/boot fills up after many kernel upgrades

Bug #1037285 reported by Robert Hensing
52
This bug affects 11 people
Affects Status Importance Assigned to Milestone
ubuntu-meta (Ubuntu)
Confirmed
Undecided
Unassigned

Bug Description

THIS ISSUE MAY PREVENT SECURITY UPDATES TO THE KERNEL.

Obsolete versions of the kernel remain installed on a system, causing a full /boot or wasting space on single-partition installations.
This has the effect that (some) software updates no longer work (at least those to the kernel):

update-initramfs: Generating /boot/initrd.img-3.2.0-29-generic

gzip: stdout: No space left on device
[...]
Errors were encountered while processing:
 initramfs-tools
E: Sub-process /usr/bin/dpkg returned an error code (1)

To resolve this, the user must figure out which packages to deinstall. A novice user will not know what to do.

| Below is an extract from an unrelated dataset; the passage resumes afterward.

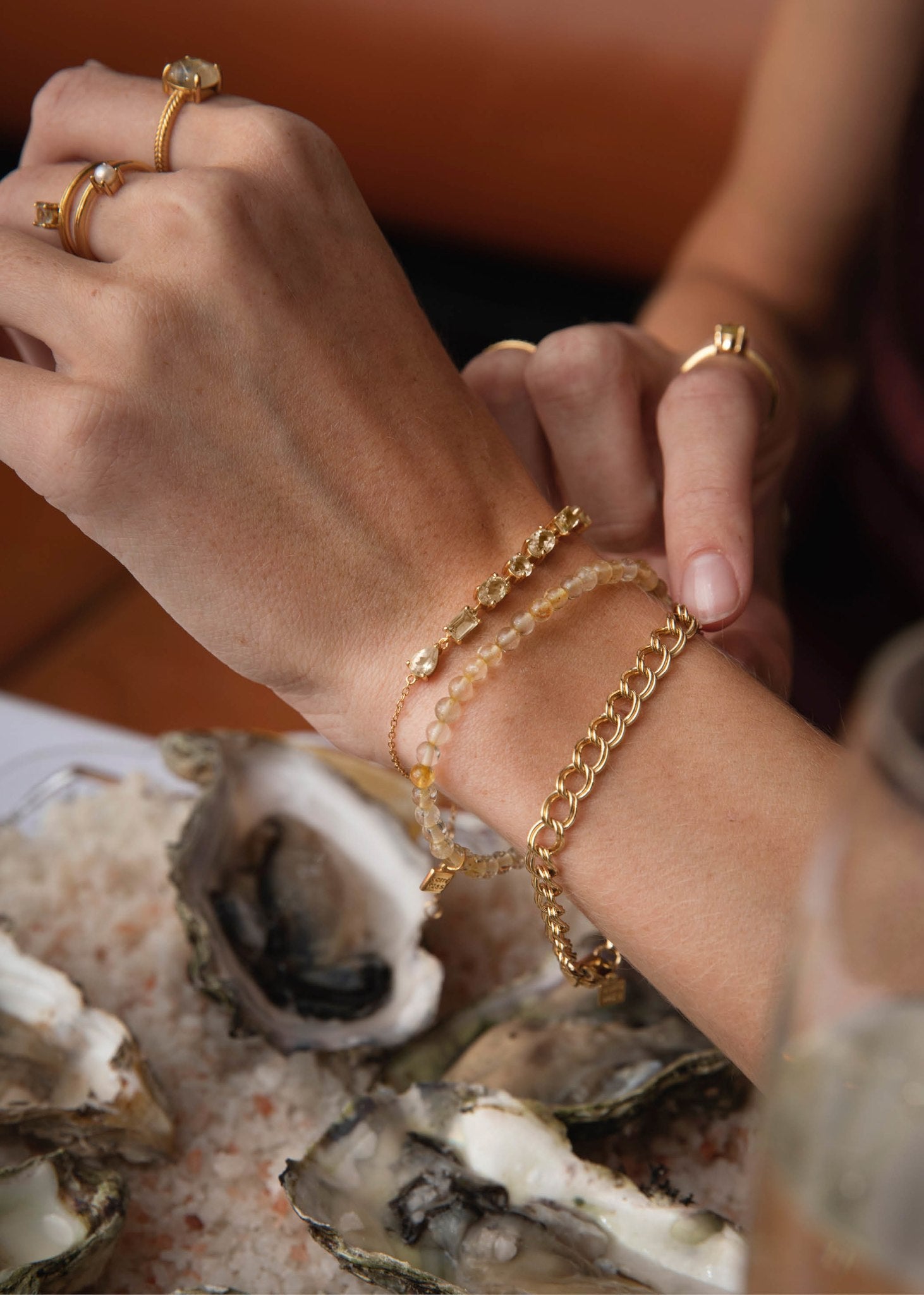 Kvinde med elegante spirituelle ædelstensarmbånd til mænd og kvinder i guldbelagt sterling sølv med rutil kvarts fra carré jewellery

Revision history for this message
Jamie Strandboge (jdstrand) wrote : Bug is not a security issue

Thanks for taking the time to report this bug and helping to make Ubuntu better. We appreciate the difficulties you are facing, but this appears to be a "regular" (non-security) bug. I have unmarked it as a security issue since this bug does not show evidence of allowing attackers to cross privilege boundaries nor directly cause loss of data/privacy. Please feel free to report any other bugs you may find.

security vulnerability: yes → no
visibility: private → public
Revision history for this message
Launchpad Janitor (janitor) wrote :

Status changed to 'Confirmed' because the bug affects multiple users.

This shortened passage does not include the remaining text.